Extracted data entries

● ● ● ● ● ● ●

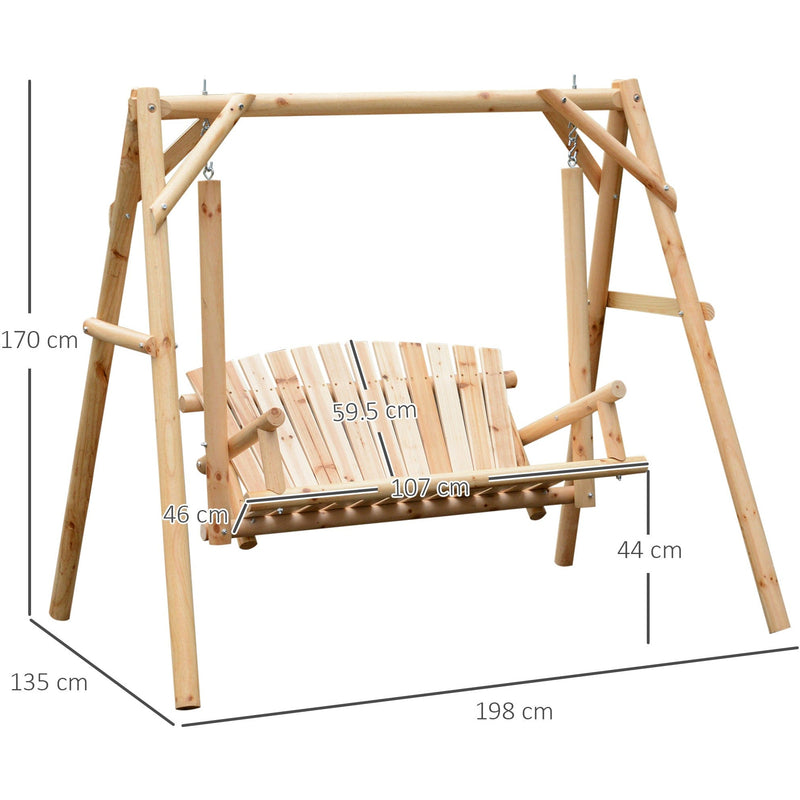 2 Seater Wooden Garden Swing Chair Outsunny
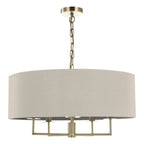 Jamelia 5 Light Shadelier Antique Brass Taupe Shade<br>Antique Brass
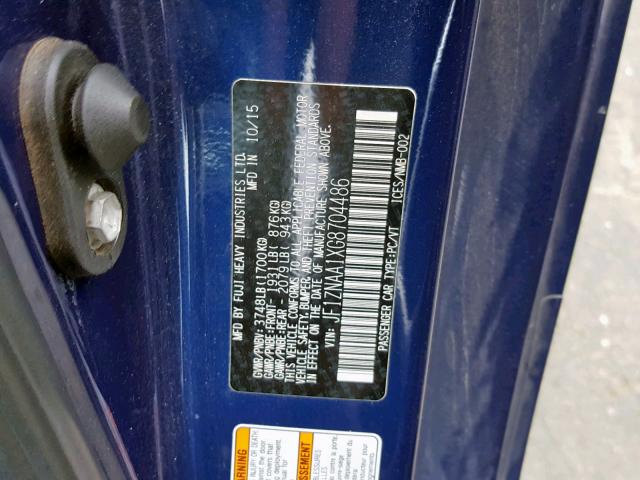 JF1ZNAA1XG8704486 - 2016 TOYOTA SCION FR-S BLUE photo 10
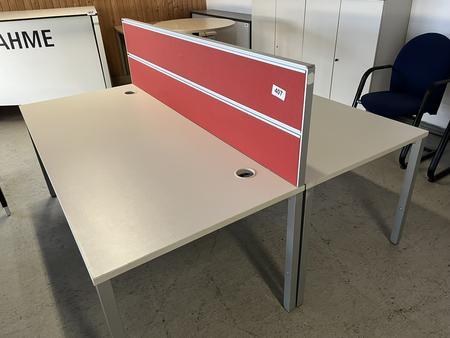 Doppel-, Arbeitsplatz 2 Schreibtische 160/80 cm mit Trennwand Doppel-, Arbeitsplatz 2 Schreibtische 160/80 cm mit Trennwand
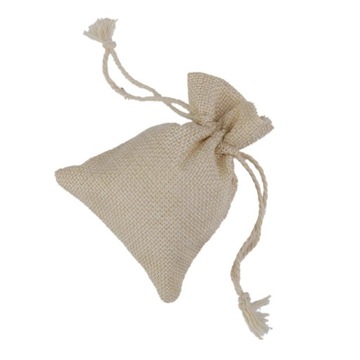 2x10 szt. Lnianych torebek ze sznurkiem Bawełniane etui do przechowywania prezentów wielkości dłoni
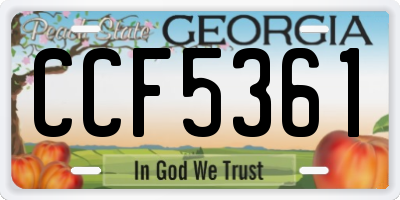 GA license plate CCF5361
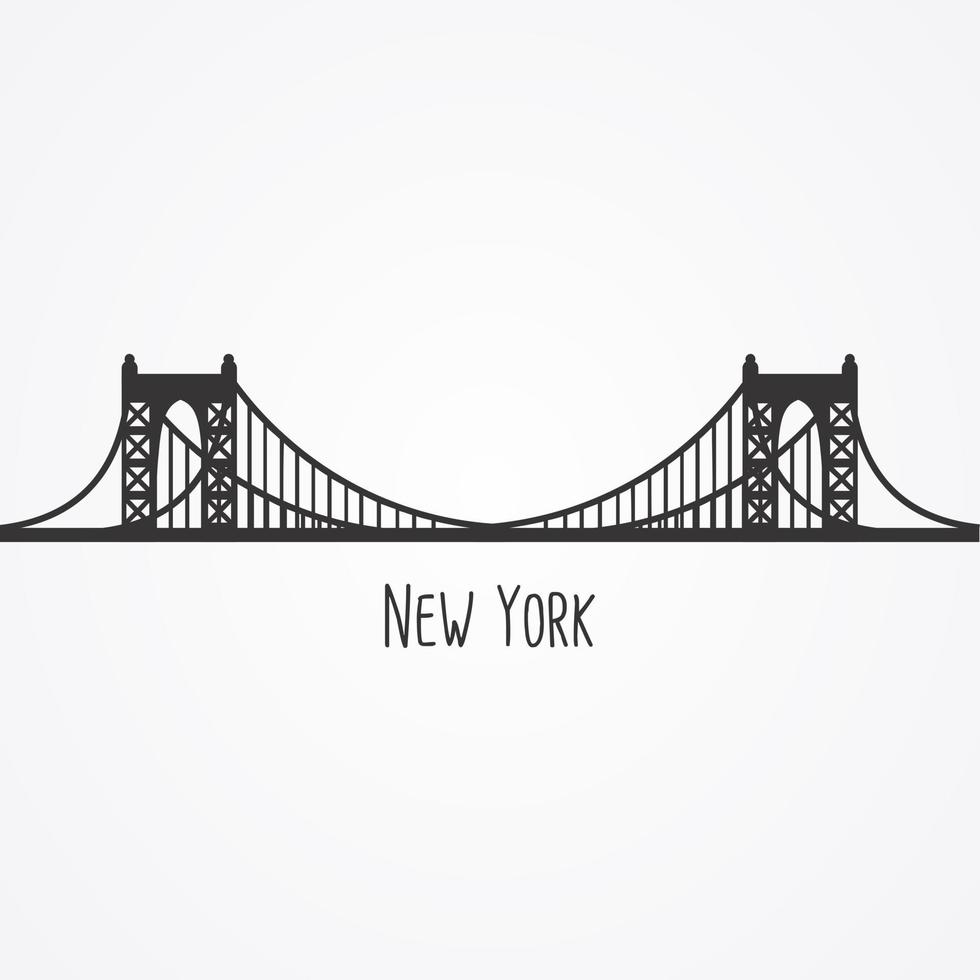 Modern New York Skyline Silhouette Vector Illustration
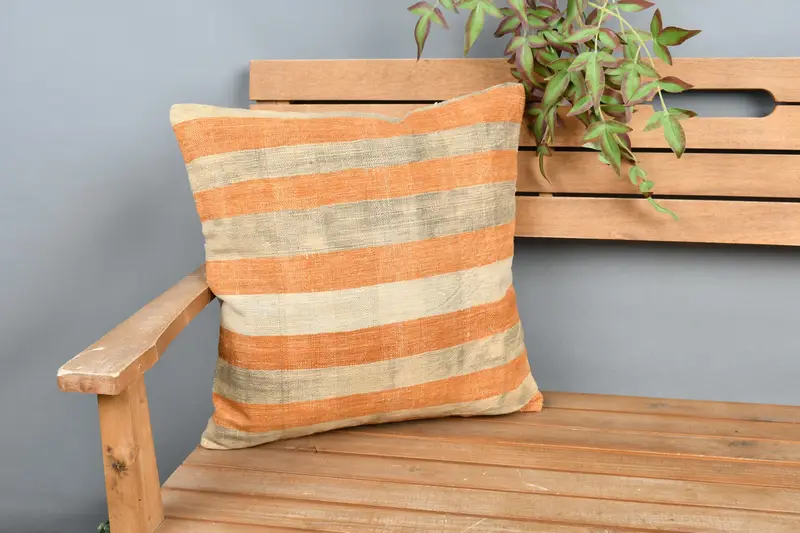Pillow for Sofa, Pillow Sham, Ethnic Pillow Cover Pillow Sham, 18x18 Orange Pillow Sham, Home Decor Pillow, Throw Kilim Pillow - 1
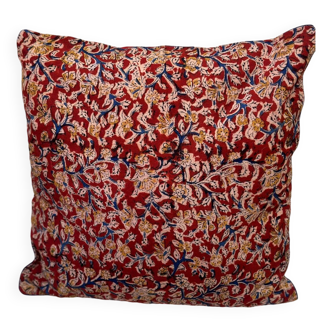 Housse de coussin blockprint indien en coton rouge bordeaux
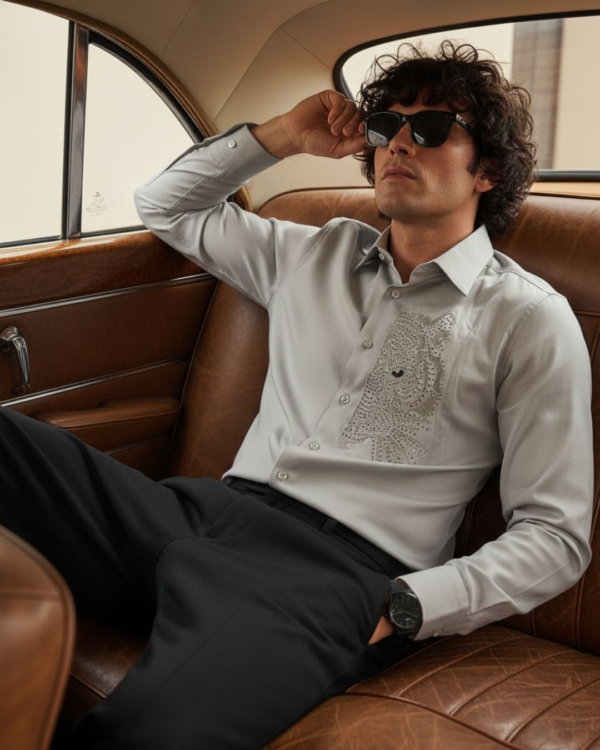 Pehanoge Tigris Indica Embroidered Giza Cotton Shirt | Signature Embroidery Collection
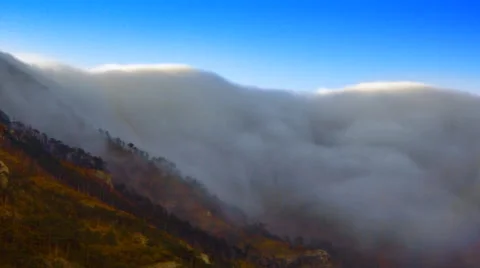 Fog on the mountain Stock Footage 55346735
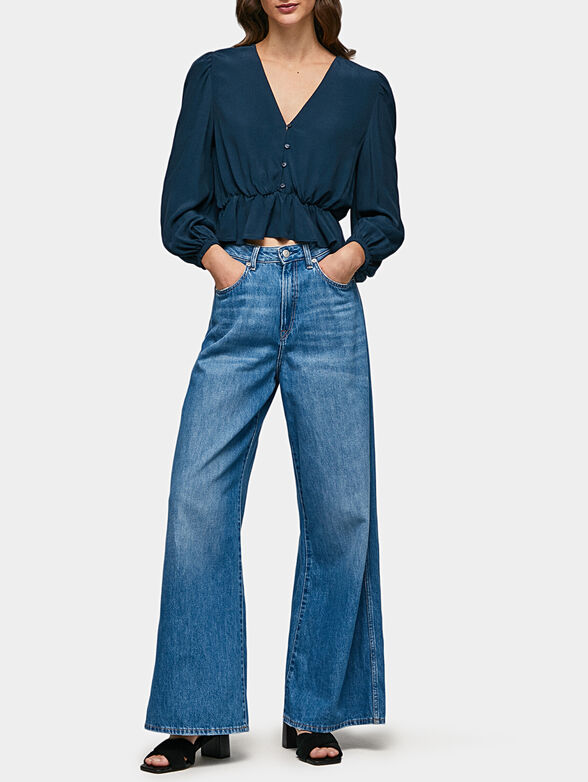 EDITA blue blouse with puff sleeve - 2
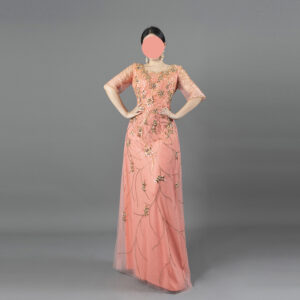 Coral Tulle Half-Sleeve Evening Gown | Hand Beaded Floral & Vine Embroidery Formal Dress for Weddings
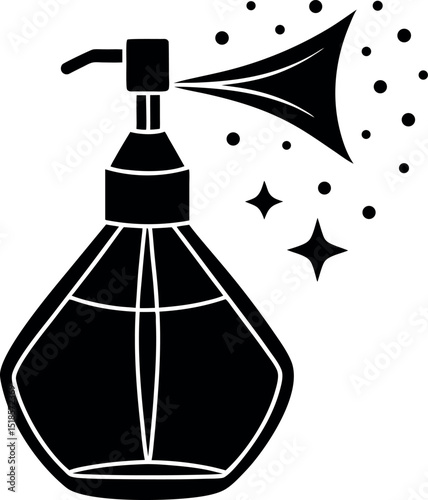 Aesthetic Perfume Spray Bottle Vector With Sparkle Shallotte on white background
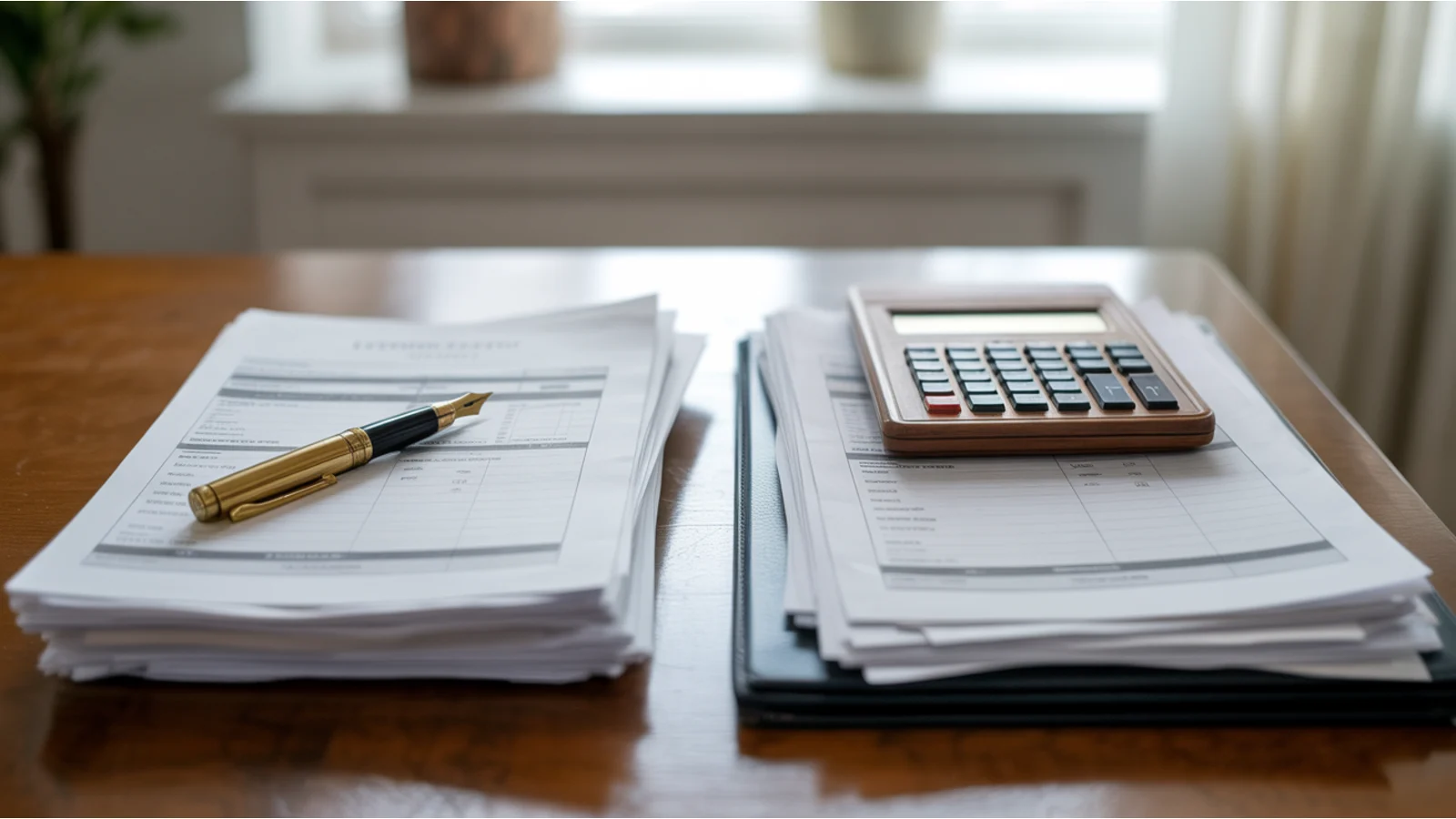 Two stacks of loan-estimate paperwork on a wooden desk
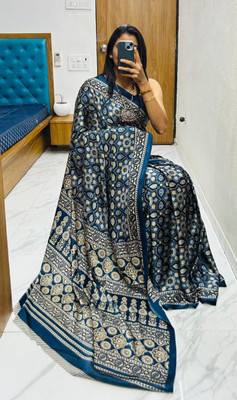 Chandan Fabrics Printed Kalamkari Jacquard Saree(Light Blue)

● ● ● ● ● ● ●

## What the task asks
Copy every line of the data exactly as written, excluding the pictures.

## Output
 2 Seater Wooden Garden Swing Chair Outsunny
 Jamelia 5 Light Shadelier Antique Brass Taupe Shade<br>Antique Brass
 JF1ZNAA1XG8704486 - 2016 TOYOTA SCION FR-S BLUE photo 10
 Doppel-, Arbeitsplatz 2 Schreibtische 160/80 cm mit Trennwand Doppel-, Arbeitsplatz 2 Schreibtische 160/80 cm mit Trennwand
 2x10 szt. Lnianych torebek ze sznurkiem Bawełniane etui do przechowywania prezentów wielkości dłoni
 GA license plate CCF5361
 Modern New York Skyline Silhouette Vector Illustration
Pillow for Sofa, Pillow Sham, Ethnic Pillow Cover Pillow Sham, 18x18 Orange Pillow Sham, Home Decor Pillow, Throw Kilim Pillow - 1
 Housse de coussin blockprint indien en coton rouge bordeaux
 Pehanoge Tigris Indica Embroidered Giza Cotton Shirt | Signature Embroidery Collection
 Fog on the mountain Stock Footage 55346735
 EDITA blue blouse with puff sleeve - 2
 Coral Tulle Half-Sleeve Evening Gown | Hand Beaded Floral & Vine Embroidery Formal Dress for Weddings
 Aesthetic Perfume Spray Bottle Vector With Sparkle Shallotte on white background
 Two stacks of loan-estimate paperwork on a wooden desk
 Chandan Fabrics Printed Kalamkari Jacquard Saree(Light Blue)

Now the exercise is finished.